Accra, Jan 24, GNA - Major Courage Quashigah (Rtd), Minister of Health-designate on Monday said a solid foundation has been laid in rice production throughout the country and that he has no regrets for anything he did at the Ministry.
"I think I carried out the assignment given to me by the President objectively and I believed my successor will only need to build on what has been achieved."
Major Quashigah who was being vetted for his new position, was answering a question from the First Deputy Speaker, Mr. Freddie Blay, on whether there was something he could not accomplish when he was the Minister of Food and Agriculture.
"During my tenure rice production rose from 128,000 metric tons to 168,000 metric tons, representing 55 per cent self-sufficiency by reducing post-harvest losses and helping farmers to find market for their products."
"We were able to mobilise local production of rice and supply them to the prisons, hospitals, schools and other institutions thereby creating markets and good prices for farmers."
The Minister-designate, however, said Ghana is yet to achieve the 300,000 metric tons mark, in order to become self-sufficient in rice production.
"A lot more has to be done to reach that target if we are able to reduce further post-harvest losses, which occur during harvesting, processing, packaging and haulage."

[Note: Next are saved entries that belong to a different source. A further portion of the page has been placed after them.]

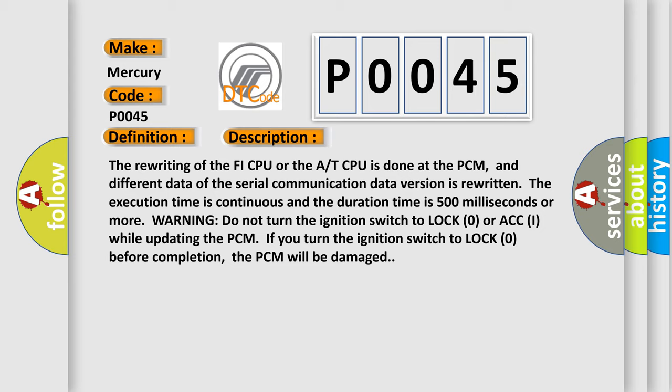Warning: do not turn the ignition switch to lock zero or ACC I while updating the PCM. If you turn the ignition switch to lock zero before completion, the PCM will be damaged.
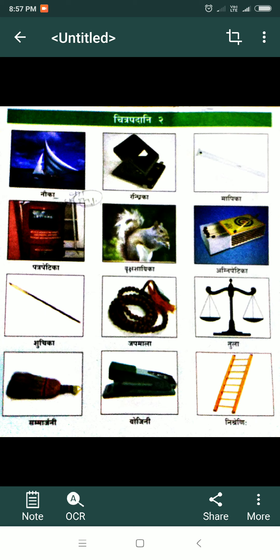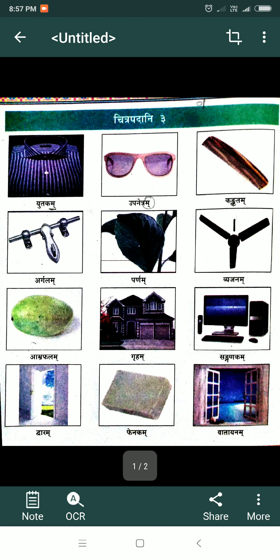Clear? Now we will learn Chitrapadhani 3. In Chitrapadhani 3 all these words are neuter words. Now I am reading the words one by one.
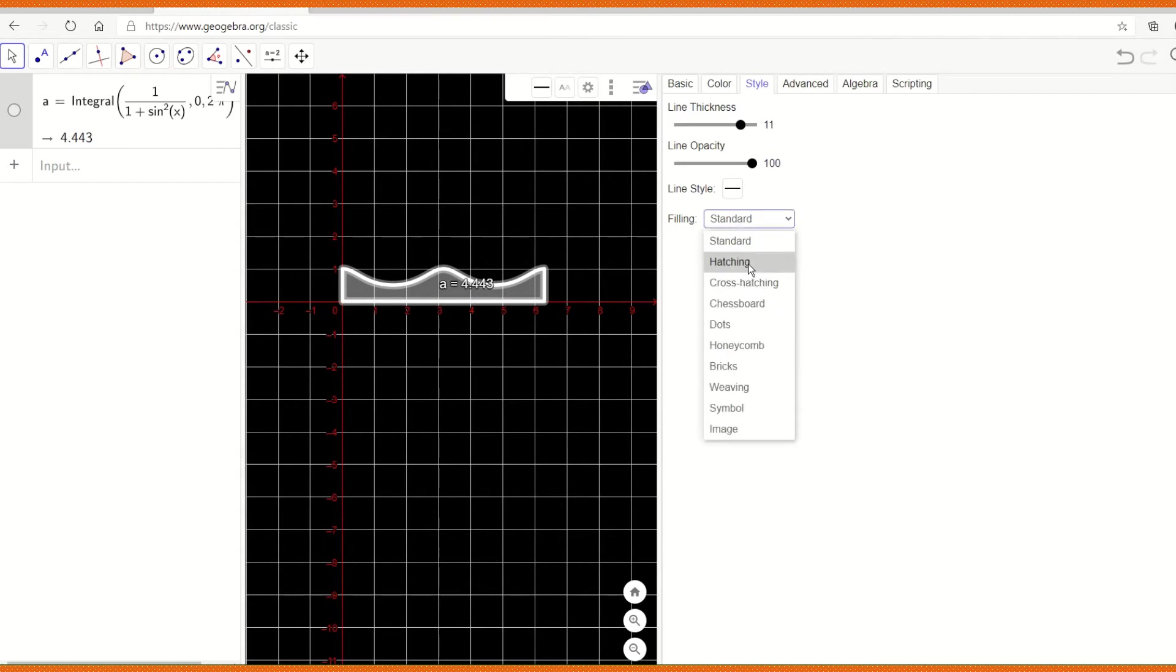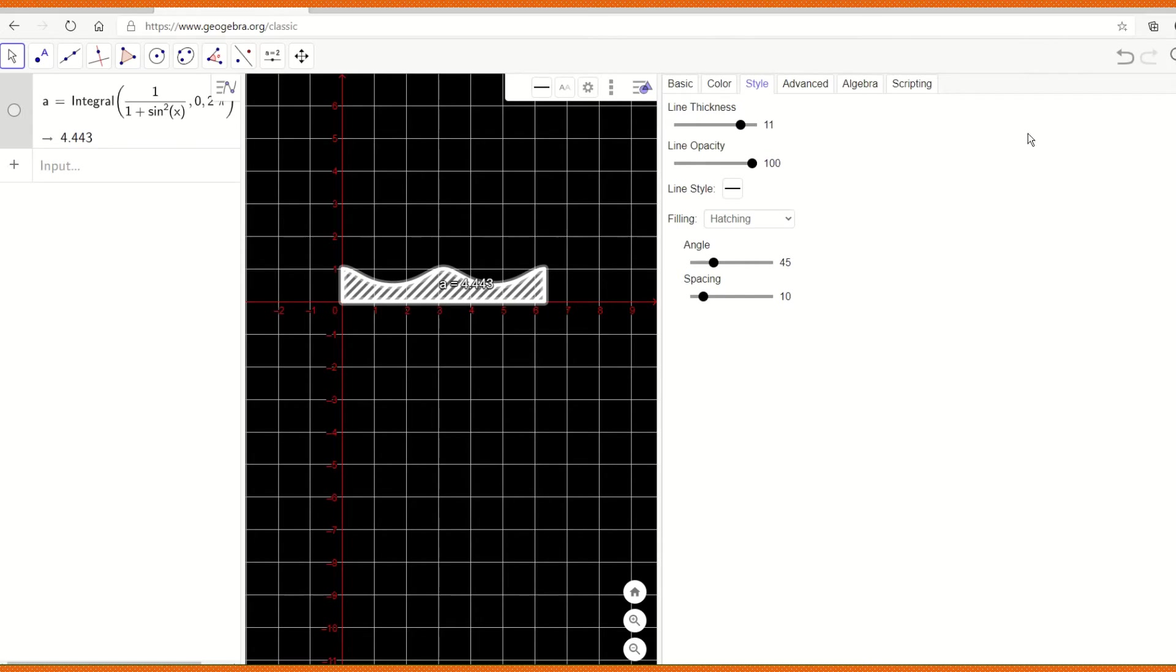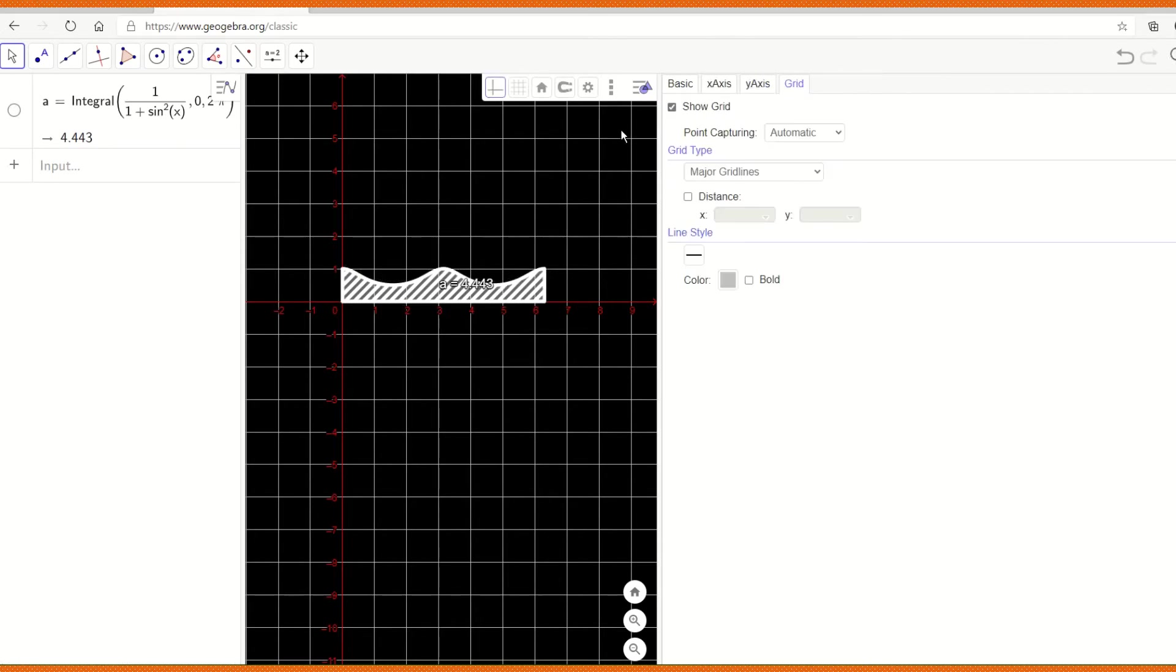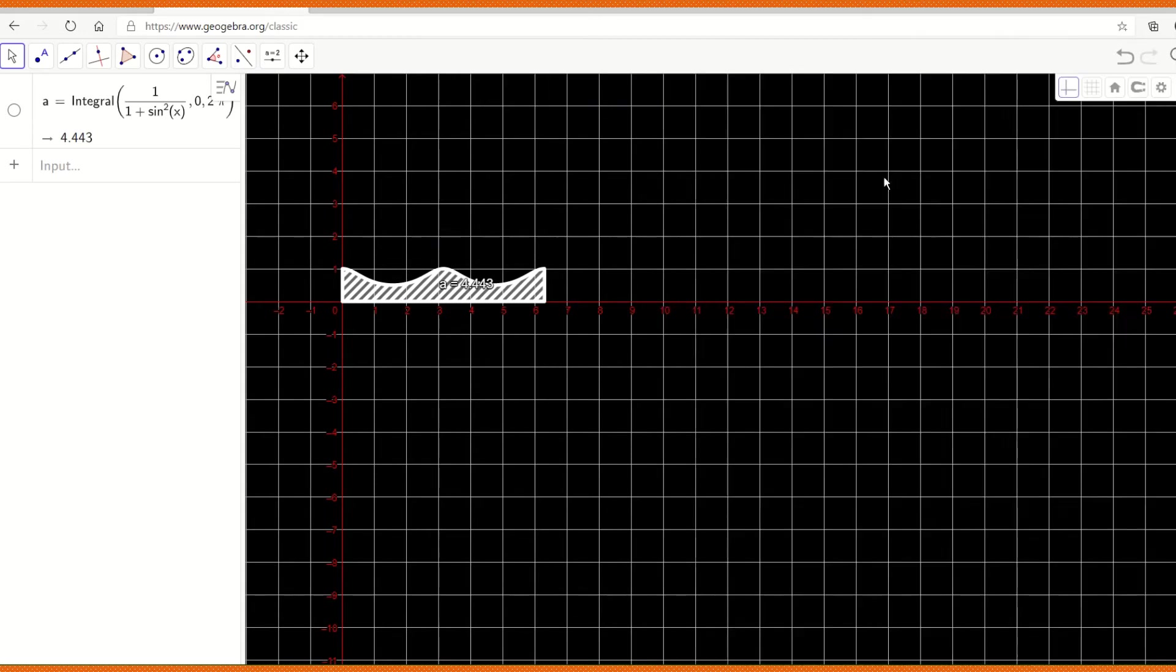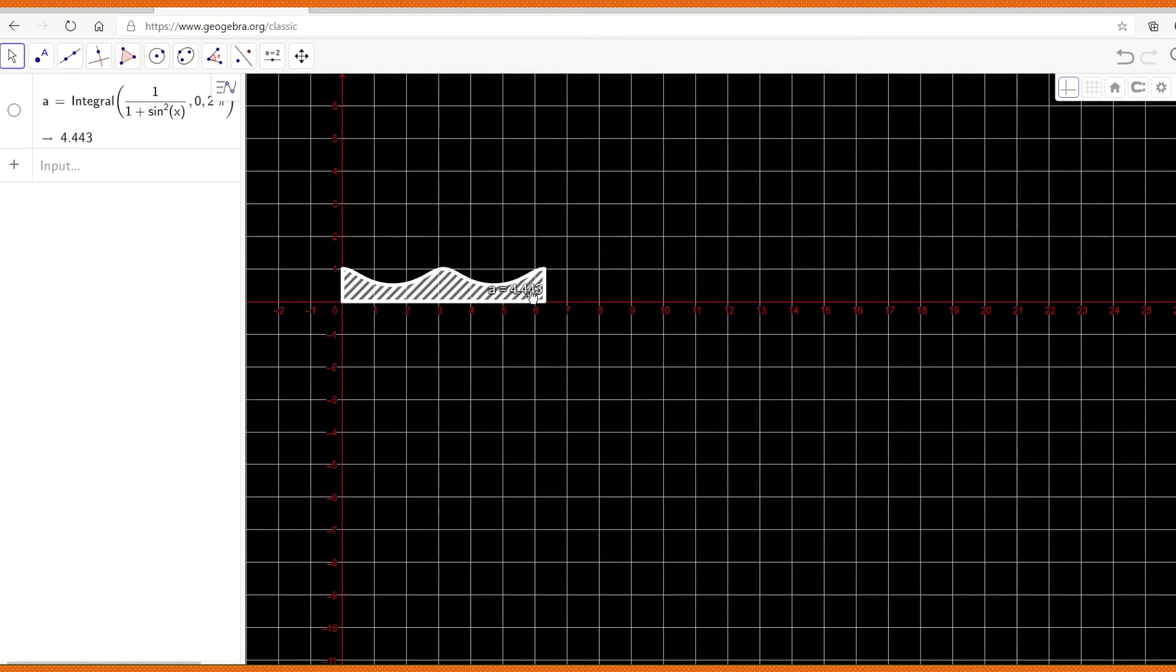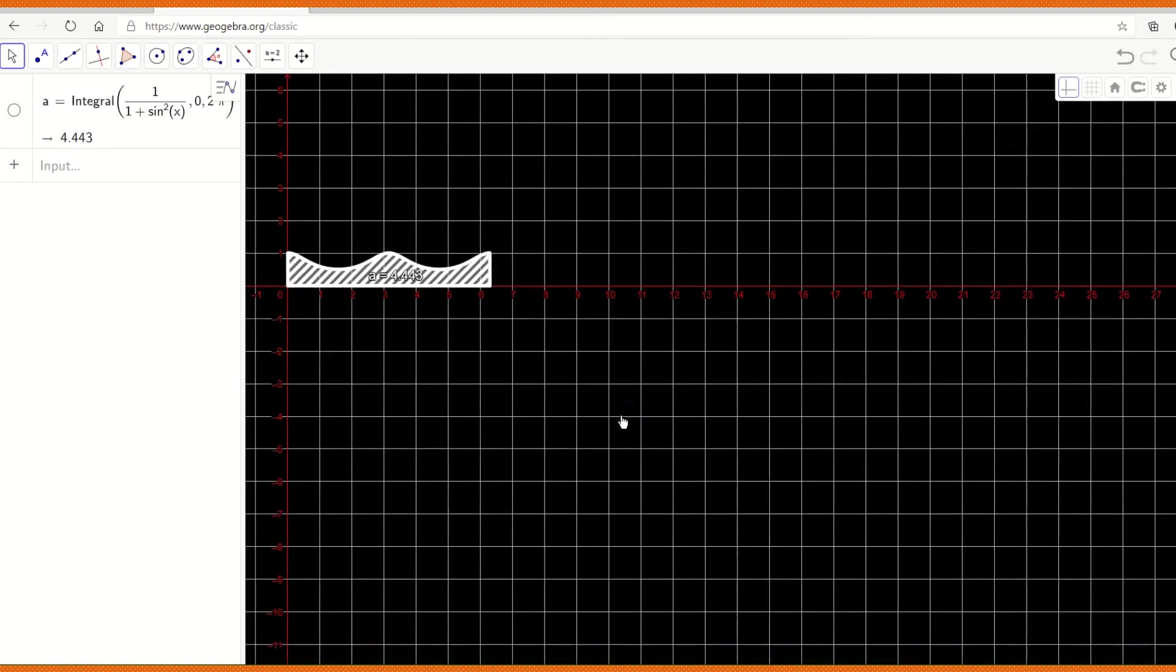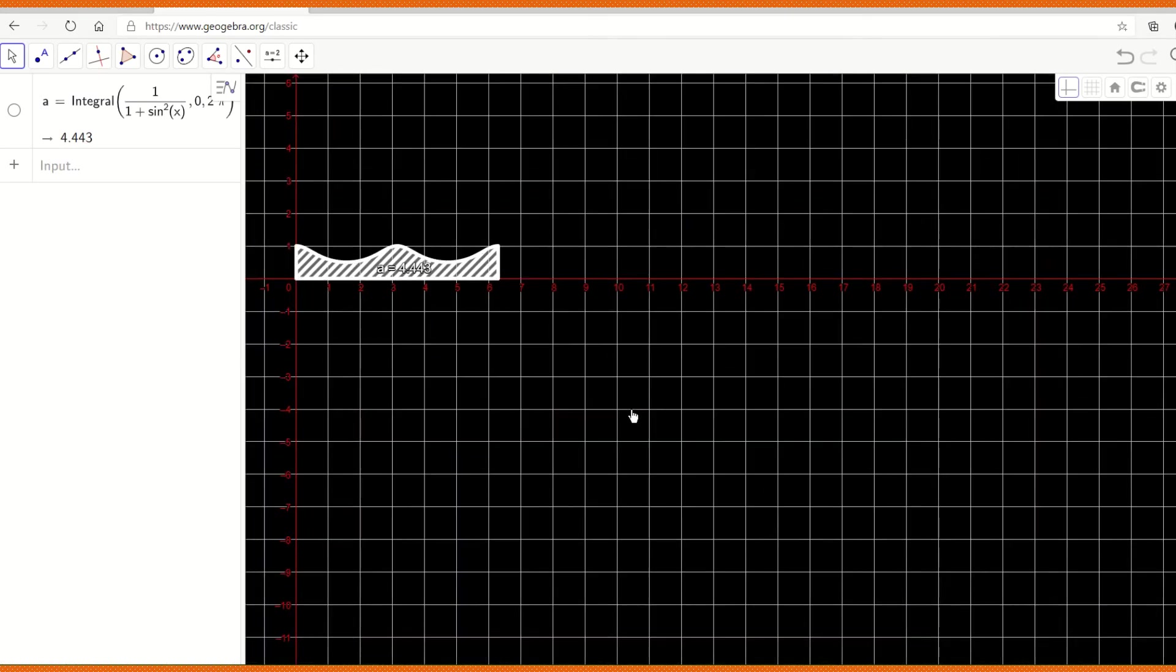So the area of 4.443 is the shaded region here, which is nothing but the area under the curve. So the shaded region I have is the area under the curve, which is the integral of 1 by 1 plus sine squared x between 0 to 2π. So this A equals 4.443 is the value of this integral.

Major Quashigah said one of the major problems associated with irrigated farms is that of energy cost, since one needs power to pump the water for the farms.
"Currently, we are trying to develop the wind-mill in the country to power energy for the pumping of irrigated farms."
On health, Major Quashigah said there was the need to try and understand the root cause for the brain drain of Ghanaian professionals, especially doctors and nurses, seeking greener pastures abroad. He said most professional health workers believed that they do not get adequate remuneration for their work although there is always pressure on them to work overtime because of a doctor/patient ratio. He said the terms of service of health workers must also be looked at and improved such as the provision of accommodation and vehicles. "We have to maintain a health culture as a people by promoting personal hygiene, good sanitation and nutrition, exercise and general protection of one's health."
Major Quashigah said early check-ups as well as immunisations could limit one's visit to the hospitals, thereby taking off some of the pressures on the doctors so that they could concentrate on diagnoses and new researches.
The Health Minister-designate said he had confidence in the national health insurance scheme "but it takes time to develop and even some developing countries are still encountering problems in their system."
"We are going back to the drawing board and see what we can do to move and develop the scheme further to reduce the accompanying implementation problems."
He said 16 districts in the country so far have started the national health insurance scheme and that another 34 districts are almost ready for take off and that they have all received their mobilisation funds.